Unfortunately, dystopian futures abound in both fantasy and sci-fi. Most genre writers, even those that include romance in their stories, choose to depict increasingly worsening conditions on and around this planet and across their universes. In some imaginary incipient time, their “visions” of our future pile on the violence, showing increasing discord, more political and social unrest, deaths and destruction even worse than we have now.
We already have too much awfulness IRL for me to want to read about even worse to come.
Fortunately, I am in good company. Conferences, seminars, webinars, zines and print currently devote a lot of time/space to these topics. I am encouraged, for example, by this exhortation to writers like me from a panel http://www.lightspeedmagazine.com/nonfiction/women-remember-a-roundtable-interview/ moderated by Mary Robinette Kowal with Ursula K. Le Guin, Pat Cadigan, Ellen Datlow, and Nancy Kress, given in June, 2014, in which Kowal summed it up: “We write science fiction and imagine the future we want to live in. We want that future now.”
Kowal went on to say: “Seeing how the field has changed gives me perspective on the future that I’m living in and, hopefully, will help women writing today continue to destroy science fiction for subsequent generations of writers.”

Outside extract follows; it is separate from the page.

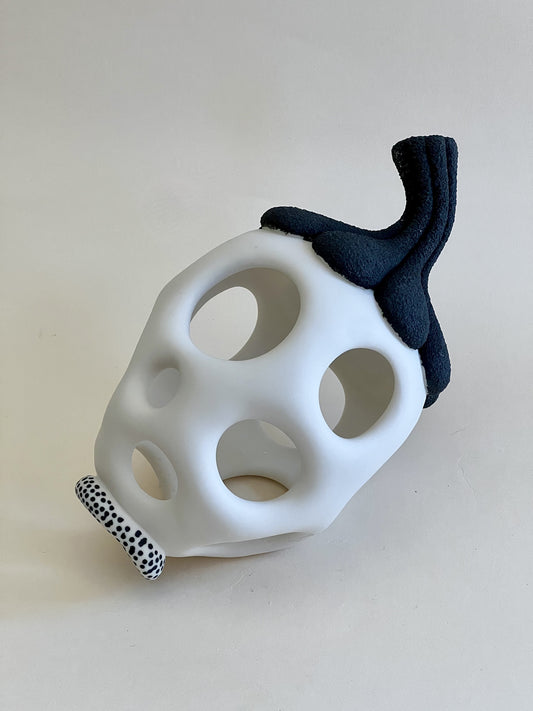 Handmade white porcelain sculpture with pierced organic form and textured black porcelain top.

Even more approval flows to us writers of utopian sci-fi when I saw that a July, 2014, Science-Fiction Symposium from the World Futures Society http://www.wfs.org had listed these events:
A. Panel Session: “Fiction as a Futuring Tool,” featuring Madeline Ashby, Trevor Haldenby, Glen Hiemstra, and Tom Lombardo. “The work of science fiction writers and futurists often informs, sometimes predicts, and occasionally affects the future.”
B. Panel discussion: “Hacking into Utopia: The Future of Optimistic Innovation,” featuring Ramez Naam (moderator), Gray Scott, Lindsea Wilbur, and Kevin Russell. “Science fiction writers have been talking about utopian futures for a long time. What are young writers and innovators doing right now to create such a future?”

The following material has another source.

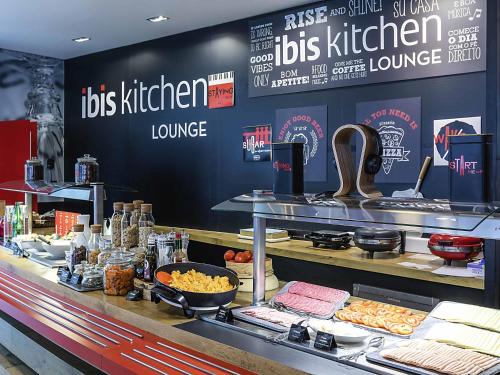 a fast food restaurant with a buffet of food at Hotel Ibis Lisboa Parque das Nações in Lisbon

C. Panel discussion: “What Current Science Fiction should Futurists Read?” featuring Vicki Stein (moderator) Glen Hiemstra, Brenda Cooper, Madeline Ashby, and Brad Aiken.
I wish I could have attended and I wished that they had put the discussions, above, online.
I believe we need some hope, ideas of how else things could go, whether or not I always believe they will take these turns. I am imagining routes for improvement for the entire multiverse.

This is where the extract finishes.